* [Requirement]
Each line from the one with "Tableau Noir Et Blanc Girafe" through the end of the records below should be transcribed exactly, and each picture should be skipped.

Short descriptive text snippets

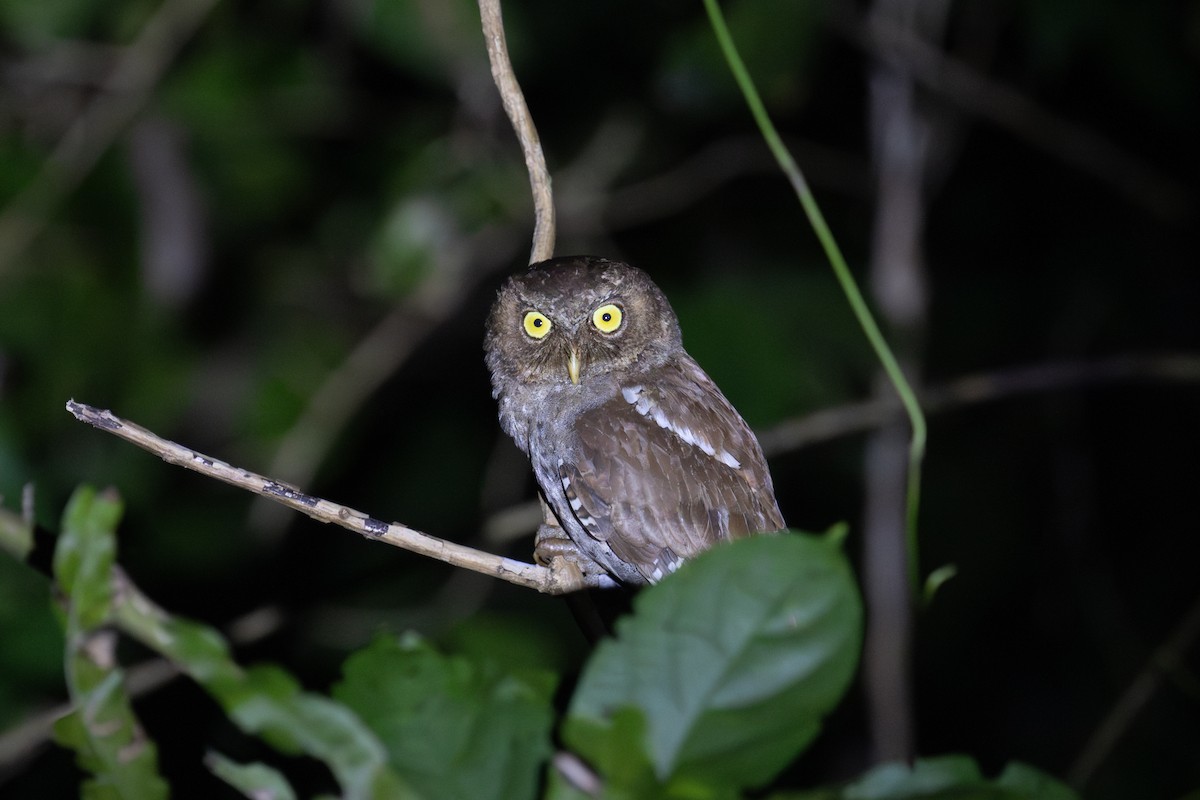 Andaman Scops-Owl - ML615088786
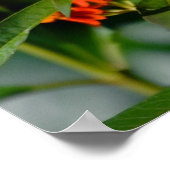 Monarchvlinder met citaat van Maya Angelou Poster (Hoek)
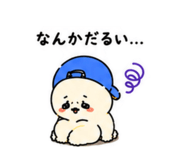 855699167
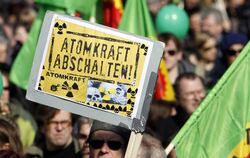 Mehrere tausend Menschen haben in ganz Deutschland für den sofortigen Ausstieg aus der Atomkraft demonstriert. FOTO: AP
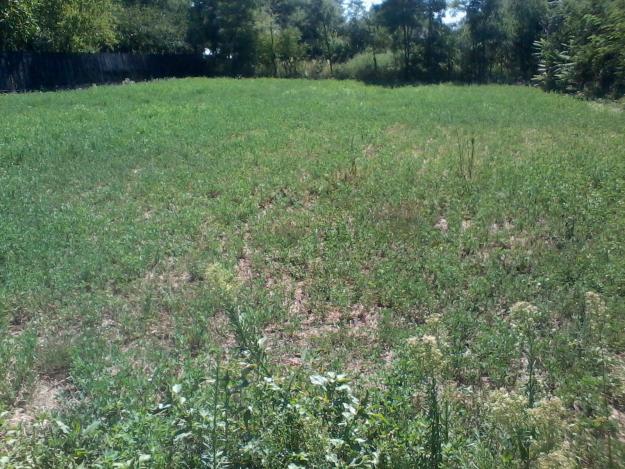 vind urgent loc de casa scortaru vechii strada carutasilor - Pret | Preturi vind urgent loc de casa scortaru vechii strada carutasilor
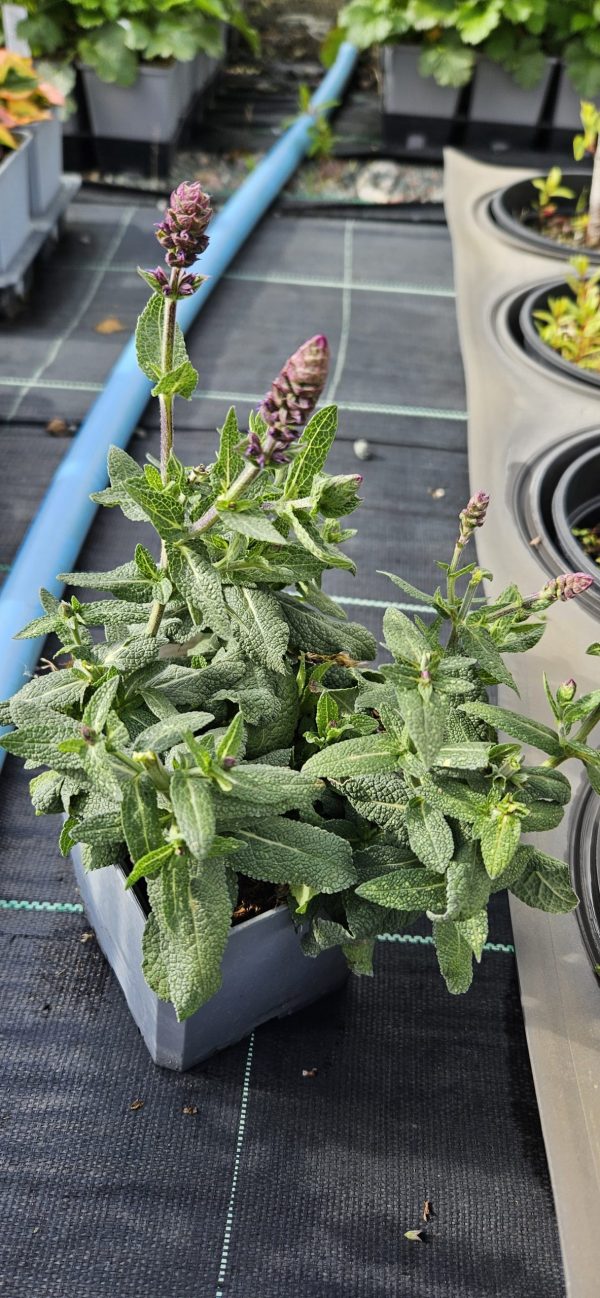 Salvia x superba 'Sensation Blue'2 Salvia x superba 'Sensation Blue'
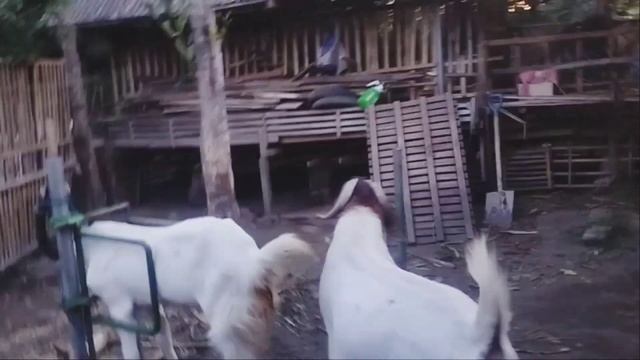 Boer Goats Crossed With Jamnapari Goats Produce The Best Meat | Goat Farming In Village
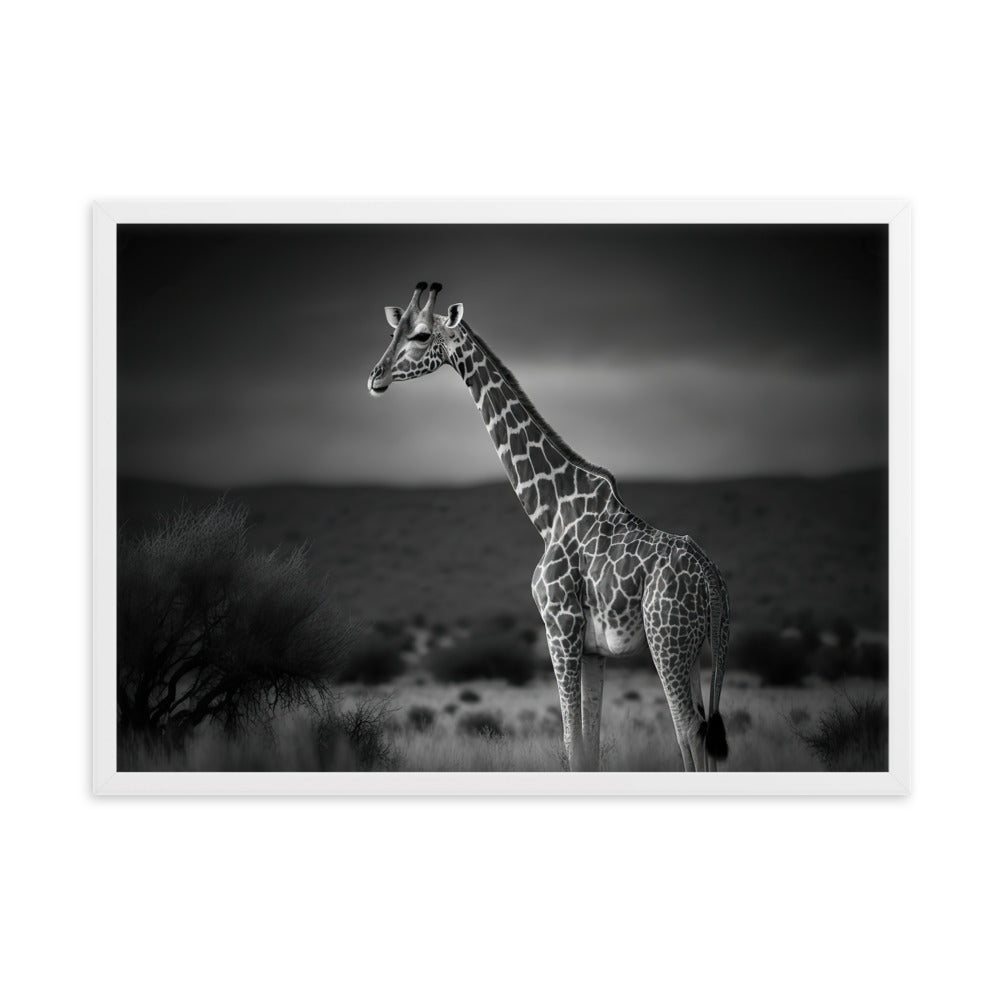 Tableau Noir Et Blanc Girafe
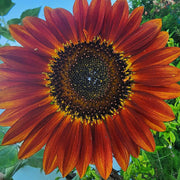 Yellow Brown Sunflower Seeds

* [Completed exercise]
 Tableau Noir Et Blanc Girafe
 Yellow Brown Sunflower Seeds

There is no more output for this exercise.